# MLP

The bigram model using probablities based on normalized counts has it's limitations.

To extend it to have more context like a two characters as input the probabalities matrix will have (27*27) possilities and for three characters (27 * 27 * 27) and becomes too big.

To overcome this we're gonna try out [Bengion et al.2003 MLP model paper](https://www.youtube.com/redirect?event=video_description&redir_token=QUFFLUhqbVhPSHNrVkluYVY5elh4RDZrOWd4R2xVNVRQd3xBQ3Jtc0tsUDE0UFVRQURUTTlWckExZWp4eGxFa3lRYlQ3amtYX3kxdDI1ZW5uU1pxZERidUYyZkJjSVlzd21rMndCMFlYRW5kYmZISkxfSDR1TzhaOXI1bXptUnUxU0xyUXJYeEpTZlRrTkRjTS0wTkMxNjFnSQ&q=https%3A%2F%2Fwww.jmlr.org%2Fpapers%2Fvolume3%2Fbengio03a%2Fbengio03a.pdf&v=TCH_1BHY58I)

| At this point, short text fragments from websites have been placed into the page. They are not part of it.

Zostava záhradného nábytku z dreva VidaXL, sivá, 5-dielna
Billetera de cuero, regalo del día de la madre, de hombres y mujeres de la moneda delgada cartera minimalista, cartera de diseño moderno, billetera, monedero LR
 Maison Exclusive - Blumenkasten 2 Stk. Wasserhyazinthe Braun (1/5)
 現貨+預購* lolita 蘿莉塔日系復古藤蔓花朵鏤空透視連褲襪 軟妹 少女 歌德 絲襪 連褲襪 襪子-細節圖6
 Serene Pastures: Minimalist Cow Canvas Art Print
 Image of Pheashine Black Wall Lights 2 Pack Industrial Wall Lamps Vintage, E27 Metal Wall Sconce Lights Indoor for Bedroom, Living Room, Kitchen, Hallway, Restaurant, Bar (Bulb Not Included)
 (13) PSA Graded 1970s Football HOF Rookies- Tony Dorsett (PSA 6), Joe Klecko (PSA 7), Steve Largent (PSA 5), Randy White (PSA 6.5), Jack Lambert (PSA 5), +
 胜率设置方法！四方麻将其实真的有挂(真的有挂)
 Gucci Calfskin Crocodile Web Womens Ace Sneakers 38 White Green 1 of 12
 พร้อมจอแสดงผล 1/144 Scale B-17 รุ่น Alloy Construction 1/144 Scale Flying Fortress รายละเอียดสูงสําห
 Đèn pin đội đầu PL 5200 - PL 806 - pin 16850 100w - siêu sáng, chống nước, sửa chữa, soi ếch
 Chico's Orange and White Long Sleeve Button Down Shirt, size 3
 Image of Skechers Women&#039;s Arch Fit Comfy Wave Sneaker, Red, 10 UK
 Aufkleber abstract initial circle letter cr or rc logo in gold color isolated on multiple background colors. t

* This paper uses words but we'll proceed with characters
* Each character will be represented as a 30 dimensional vector 
* The advantages of embeddings is knowledge transference, for examples animals like dog, cat might be closer to each other in 30 dimensional space. If cat was not in training set but this knowledge transfer will help in this case.

Let's implement the below architecture in this notebook
![fully connected MLP](https://pbs.twimg.com/media/Fhzl42hVUAI9U8V?format=jpg&name=large)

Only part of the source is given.